El otro elemento es lograr la sostenibilidad y el desarrollo. Queremos un desarrollo económico, pero con la variable ambiental al lado, como un factor positivo, proactivo; no como una sanción, no como un problema, no como algo que moleste. Más bien como un incentivo para entender que este territorio que tenemos, tenemos que cuidarlo.
(L R): La yapa, Viceministro, financiamiento climático
(J A) Es otro de los pilares fundamentales de nuestra gestión. Este viceministerio tiene a su cargo proponerlo al Ministerio y ya estamos trabajando en ello.
Creemos de que es necesario, antes de continuar generando muchas expectativas, construir nuestro edificio jurídico, administrativo e institucional para poder encarar el tema del financiamiento climático con responsabilidad.
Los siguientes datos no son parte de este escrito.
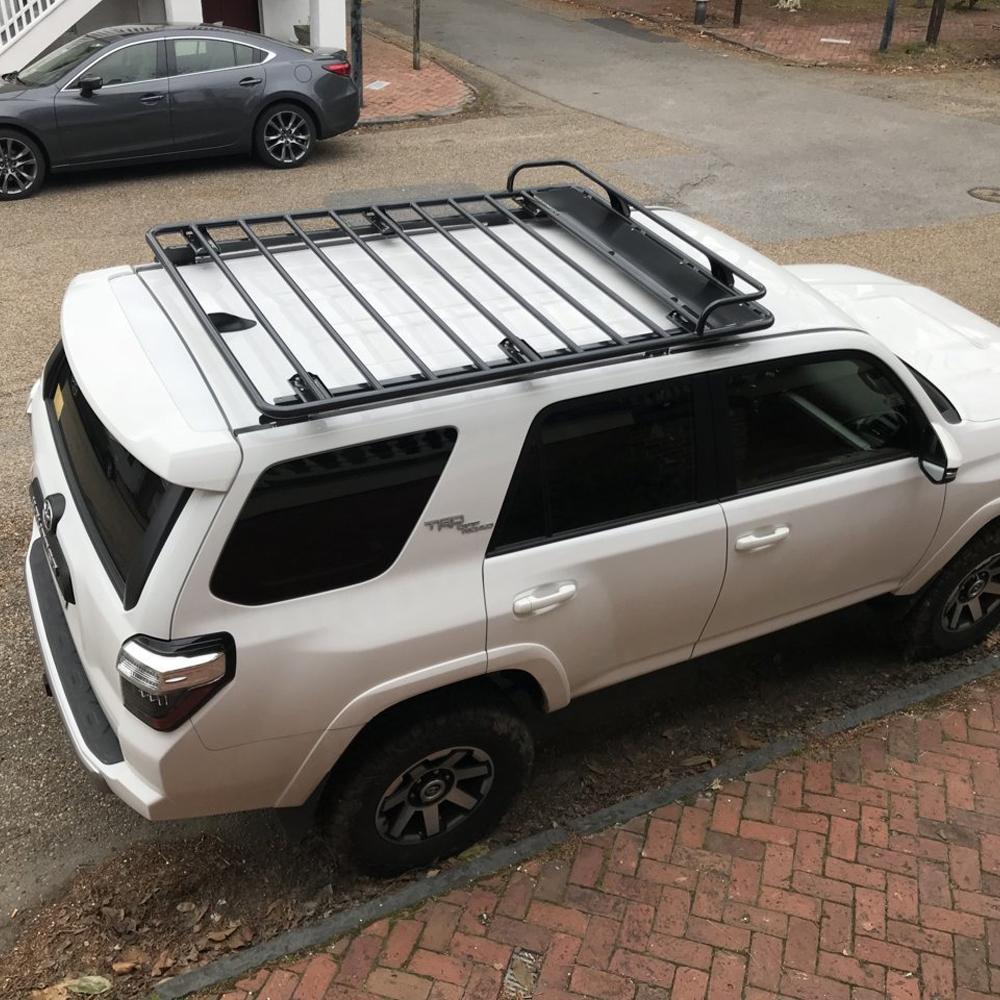 A white ARB Toyota 4Runner equipped with a ARB Touring Roof Racks 3813200KJK featuring crossbars for increased carrying capacity.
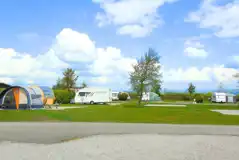 Electric hardstanding pitches (8m x 8m) with 10 amp hook ups Electric hardstanding pitches (8m x 8m) with 10 amp hook ups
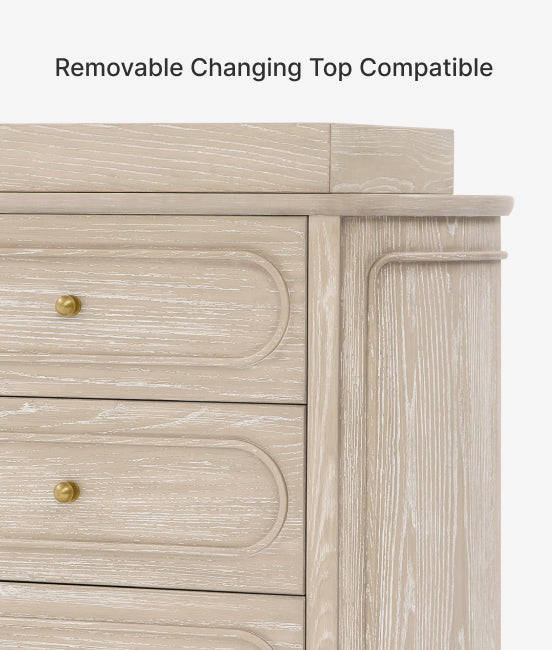 Wooden dresser with a removable changing top feature on a light gray background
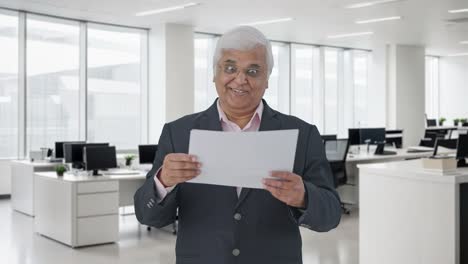 el gerente senior indio feliz leyendo informes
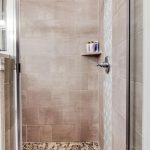 A walk-in shower with beige tiled walls, a built-in corner shelf holding toiletry bottles, a metal shower handle, and a pebble stone floor. A window with blinds is partially visible on the left.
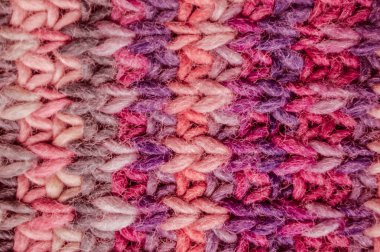 Makro örgü kumaş. Klasik kumaş kumaşı. Örgü Noel arkaplanı. Yapı Soyut Yün. Kırmızı pamuk ipliği. İskandinav sıcak tuvali. Halı kaşmir dokuma. Örgü Yün.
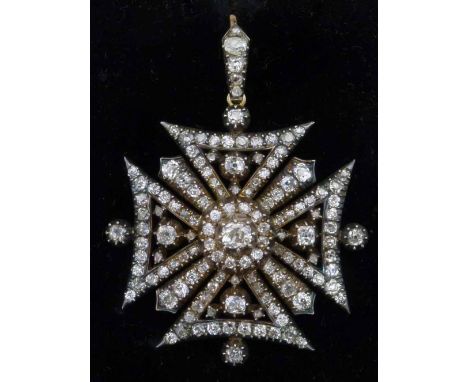 Pattee form Maltese cross set with pave diamonds, circa 1840, in silver on gold with a detachable brooch pin and pendant susp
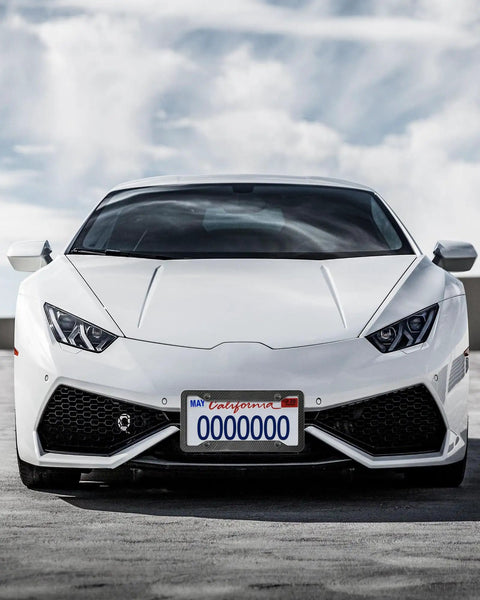 Front view of white sports car with Carbon Fiber Pattern License Plate Frames 2 Pack Black Aluminum Front And Rear Car Tag Holder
El financiamiento climático es tremendamente amplio, no solamente son los bonos o los créditos de carbono. Hay un abanico inmenso de oportunidades que Bolivia tiene que asumir con responsabilidad. Estamos 20 años rezagados con relación al mundo, con relación a países de nuestro entorno como Perú, Brasil, Colombia.
Porque aquí hubo una decisión política de no avanzar en este tema con la amplitud que se debió haber avanzado. Entonces, la decisión del Gobierno es comenzar de una vez por todas a promover el financiamiento climático como estrategia de conservación y desarrollo.